WHAT IS NEEDED ::
Write out again, please, the records below from the first line to the line holding "Биты INDUSTRIE для", inclusive, and nothing else.

DATA SUPPLIED ::
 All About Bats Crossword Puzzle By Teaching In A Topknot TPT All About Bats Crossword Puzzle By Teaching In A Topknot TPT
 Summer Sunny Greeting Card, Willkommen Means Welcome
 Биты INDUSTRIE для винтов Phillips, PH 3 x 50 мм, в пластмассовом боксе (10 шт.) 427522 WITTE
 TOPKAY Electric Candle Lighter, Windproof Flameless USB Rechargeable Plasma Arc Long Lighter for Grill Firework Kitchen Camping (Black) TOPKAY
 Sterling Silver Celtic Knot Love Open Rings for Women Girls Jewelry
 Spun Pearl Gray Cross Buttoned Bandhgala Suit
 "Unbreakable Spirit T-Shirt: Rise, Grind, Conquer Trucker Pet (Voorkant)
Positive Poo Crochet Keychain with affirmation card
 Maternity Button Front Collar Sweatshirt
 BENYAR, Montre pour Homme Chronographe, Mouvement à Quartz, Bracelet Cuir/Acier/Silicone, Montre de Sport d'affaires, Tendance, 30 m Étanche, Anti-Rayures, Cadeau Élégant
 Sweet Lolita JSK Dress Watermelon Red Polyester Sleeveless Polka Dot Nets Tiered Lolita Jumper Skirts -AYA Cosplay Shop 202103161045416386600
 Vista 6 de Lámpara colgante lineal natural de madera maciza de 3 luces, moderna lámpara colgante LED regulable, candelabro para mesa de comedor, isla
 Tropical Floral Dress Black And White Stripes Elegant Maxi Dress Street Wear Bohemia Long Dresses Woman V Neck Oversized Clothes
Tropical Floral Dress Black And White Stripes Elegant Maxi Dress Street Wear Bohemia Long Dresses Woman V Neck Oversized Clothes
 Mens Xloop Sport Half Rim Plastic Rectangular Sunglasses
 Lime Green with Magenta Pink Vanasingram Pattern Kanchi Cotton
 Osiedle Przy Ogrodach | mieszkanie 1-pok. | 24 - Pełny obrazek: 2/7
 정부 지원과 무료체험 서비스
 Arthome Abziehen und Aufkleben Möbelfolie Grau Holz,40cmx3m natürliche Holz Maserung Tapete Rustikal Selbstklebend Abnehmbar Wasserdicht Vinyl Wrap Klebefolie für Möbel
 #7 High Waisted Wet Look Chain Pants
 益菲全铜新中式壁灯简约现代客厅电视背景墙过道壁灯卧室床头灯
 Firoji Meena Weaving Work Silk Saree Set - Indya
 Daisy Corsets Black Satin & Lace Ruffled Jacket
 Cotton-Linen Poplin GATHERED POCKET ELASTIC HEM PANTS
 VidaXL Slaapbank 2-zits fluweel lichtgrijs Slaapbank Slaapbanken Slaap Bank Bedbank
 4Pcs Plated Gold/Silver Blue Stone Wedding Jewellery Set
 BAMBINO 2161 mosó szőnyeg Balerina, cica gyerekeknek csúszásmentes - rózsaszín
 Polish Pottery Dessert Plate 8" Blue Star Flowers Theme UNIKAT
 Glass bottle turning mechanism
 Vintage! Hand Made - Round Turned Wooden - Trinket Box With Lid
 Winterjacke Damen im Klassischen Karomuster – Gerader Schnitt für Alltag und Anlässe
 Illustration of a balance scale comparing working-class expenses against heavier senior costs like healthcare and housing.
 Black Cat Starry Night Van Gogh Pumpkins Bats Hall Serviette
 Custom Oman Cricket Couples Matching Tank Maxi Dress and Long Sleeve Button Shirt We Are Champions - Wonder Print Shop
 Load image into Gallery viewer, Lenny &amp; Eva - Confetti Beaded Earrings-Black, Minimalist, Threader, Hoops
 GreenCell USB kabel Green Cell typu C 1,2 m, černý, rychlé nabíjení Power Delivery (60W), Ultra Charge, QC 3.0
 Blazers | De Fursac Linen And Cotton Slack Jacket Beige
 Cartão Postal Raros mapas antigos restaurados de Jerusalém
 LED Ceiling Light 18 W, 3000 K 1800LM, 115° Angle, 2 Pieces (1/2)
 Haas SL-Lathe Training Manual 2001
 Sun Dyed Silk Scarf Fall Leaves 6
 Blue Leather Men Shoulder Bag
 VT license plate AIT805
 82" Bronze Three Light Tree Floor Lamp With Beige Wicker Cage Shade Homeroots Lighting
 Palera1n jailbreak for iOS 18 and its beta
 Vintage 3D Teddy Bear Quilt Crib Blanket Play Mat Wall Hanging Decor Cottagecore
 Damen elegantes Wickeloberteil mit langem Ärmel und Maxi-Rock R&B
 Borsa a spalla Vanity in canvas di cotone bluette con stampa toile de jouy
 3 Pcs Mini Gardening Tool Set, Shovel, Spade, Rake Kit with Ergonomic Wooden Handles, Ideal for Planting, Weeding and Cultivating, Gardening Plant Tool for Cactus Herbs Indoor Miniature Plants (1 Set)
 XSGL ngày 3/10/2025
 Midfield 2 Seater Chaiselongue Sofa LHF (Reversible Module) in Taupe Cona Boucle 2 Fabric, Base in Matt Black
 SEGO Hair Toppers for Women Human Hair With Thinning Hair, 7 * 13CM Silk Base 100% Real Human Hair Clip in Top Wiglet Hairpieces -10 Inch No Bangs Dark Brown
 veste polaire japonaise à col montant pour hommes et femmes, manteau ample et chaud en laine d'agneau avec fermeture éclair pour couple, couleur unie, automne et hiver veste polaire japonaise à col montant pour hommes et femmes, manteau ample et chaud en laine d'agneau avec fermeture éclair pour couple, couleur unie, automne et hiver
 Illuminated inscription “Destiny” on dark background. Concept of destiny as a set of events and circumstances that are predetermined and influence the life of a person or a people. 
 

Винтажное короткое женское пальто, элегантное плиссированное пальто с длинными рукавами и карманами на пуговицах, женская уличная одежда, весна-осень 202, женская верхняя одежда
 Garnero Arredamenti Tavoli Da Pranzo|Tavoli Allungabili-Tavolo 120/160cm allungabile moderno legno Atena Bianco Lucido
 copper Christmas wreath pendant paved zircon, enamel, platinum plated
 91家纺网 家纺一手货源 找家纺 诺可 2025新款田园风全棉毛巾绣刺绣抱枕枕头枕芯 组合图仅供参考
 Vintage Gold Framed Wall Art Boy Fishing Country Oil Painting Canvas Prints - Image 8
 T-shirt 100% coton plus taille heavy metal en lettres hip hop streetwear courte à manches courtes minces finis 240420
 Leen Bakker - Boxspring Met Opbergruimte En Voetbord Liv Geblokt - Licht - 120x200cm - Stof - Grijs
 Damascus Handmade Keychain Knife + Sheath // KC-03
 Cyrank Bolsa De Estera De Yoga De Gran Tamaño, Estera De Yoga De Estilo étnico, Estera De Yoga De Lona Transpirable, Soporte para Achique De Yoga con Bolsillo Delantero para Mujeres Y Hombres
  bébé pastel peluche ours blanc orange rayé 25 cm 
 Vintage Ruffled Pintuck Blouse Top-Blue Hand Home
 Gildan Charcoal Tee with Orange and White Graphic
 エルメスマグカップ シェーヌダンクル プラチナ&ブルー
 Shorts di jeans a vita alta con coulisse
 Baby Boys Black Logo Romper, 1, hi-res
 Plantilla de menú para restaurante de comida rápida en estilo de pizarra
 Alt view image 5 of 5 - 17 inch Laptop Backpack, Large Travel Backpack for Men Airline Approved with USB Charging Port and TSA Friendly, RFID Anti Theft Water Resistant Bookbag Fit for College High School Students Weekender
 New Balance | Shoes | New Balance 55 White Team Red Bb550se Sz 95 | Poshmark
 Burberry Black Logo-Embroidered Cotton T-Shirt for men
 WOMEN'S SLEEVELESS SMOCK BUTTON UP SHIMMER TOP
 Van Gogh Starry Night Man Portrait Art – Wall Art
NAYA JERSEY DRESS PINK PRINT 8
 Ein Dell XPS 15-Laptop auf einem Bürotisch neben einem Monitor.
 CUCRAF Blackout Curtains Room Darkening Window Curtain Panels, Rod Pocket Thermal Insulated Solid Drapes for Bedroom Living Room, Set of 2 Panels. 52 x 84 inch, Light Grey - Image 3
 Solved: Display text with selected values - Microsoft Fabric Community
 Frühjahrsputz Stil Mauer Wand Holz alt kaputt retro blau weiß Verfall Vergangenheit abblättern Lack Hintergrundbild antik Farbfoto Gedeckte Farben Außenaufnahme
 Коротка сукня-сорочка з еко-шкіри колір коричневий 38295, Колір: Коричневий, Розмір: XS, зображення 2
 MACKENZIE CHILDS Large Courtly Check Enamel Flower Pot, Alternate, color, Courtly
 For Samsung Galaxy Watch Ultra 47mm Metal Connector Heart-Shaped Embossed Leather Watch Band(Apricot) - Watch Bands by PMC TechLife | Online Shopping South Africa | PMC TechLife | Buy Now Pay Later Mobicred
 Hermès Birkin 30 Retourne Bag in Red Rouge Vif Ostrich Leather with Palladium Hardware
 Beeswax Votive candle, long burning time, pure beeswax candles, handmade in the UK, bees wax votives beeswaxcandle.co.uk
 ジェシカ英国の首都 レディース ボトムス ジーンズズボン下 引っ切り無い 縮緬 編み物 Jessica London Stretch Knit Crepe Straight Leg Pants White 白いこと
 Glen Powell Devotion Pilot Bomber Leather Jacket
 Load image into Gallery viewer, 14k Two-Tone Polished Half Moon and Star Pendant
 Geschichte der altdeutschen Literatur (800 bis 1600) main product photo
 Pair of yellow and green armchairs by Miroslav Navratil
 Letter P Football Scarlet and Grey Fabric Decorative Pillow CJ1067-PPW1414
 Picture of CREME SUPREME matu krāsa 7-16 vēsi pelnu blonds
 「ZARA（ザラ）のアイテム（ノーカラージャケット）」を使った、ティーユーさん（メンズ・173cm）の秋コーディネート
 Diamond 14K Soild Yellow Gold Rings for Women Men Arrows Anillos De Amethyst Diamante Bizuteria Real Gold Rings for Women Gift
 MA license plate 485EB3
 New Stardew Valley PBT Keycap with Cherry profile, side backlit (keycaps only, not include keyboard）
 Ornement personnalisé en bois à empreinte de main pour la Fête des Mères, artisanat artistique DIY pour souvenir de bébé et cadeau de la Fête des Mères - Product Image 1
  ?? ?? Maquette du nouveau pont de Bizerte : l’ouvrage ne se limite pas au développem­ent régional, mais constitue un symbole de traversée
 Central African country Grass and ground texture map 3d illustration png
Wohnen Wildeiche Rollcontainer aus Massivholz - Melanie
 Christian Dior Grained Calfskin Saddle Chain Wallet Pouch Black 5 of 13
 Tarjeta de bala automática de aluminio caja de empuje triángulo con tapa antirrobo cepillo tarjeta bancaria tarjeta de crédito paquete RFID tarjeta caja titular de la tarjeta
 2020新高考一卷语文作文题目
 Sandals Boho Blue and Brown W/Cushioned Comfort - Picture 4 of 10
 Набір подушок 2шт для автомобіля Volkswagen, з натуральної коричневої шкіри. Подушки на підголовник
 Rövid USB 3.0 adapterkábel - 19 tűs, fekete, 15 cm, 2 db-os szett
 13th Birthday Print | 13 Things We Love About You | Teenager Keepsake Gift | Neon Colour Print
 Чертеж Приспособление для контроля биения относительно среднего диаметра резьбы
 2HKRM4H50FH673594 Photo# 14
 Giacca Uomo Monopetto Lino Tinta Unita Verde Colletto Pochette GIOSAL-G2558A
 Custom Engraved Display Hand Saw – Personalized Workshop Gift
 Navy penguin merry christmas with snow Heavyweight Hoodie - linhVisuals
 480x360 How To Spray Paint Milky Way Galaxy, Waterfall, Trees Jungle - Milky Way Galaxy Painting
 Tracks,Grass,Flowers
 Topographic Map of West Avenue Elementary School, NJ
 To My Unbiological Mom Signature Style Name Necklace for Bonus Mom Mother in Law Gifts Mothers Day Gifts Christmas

ANSWER TO THIS PROBLEM ::
 All About Bats Crossword Puzzle By Teaching In A Topknot TPT All About Bats Crossword Puzzle By Teaching In A Topknot TPT
 Summer Sunny Greeting Card, Willkommen Means Welcome
 Биты INDUSTRIE для винтов Phillips, PH 3 x 50 мм, в пластмассовом боксе (10 шт.) 427522 WITTE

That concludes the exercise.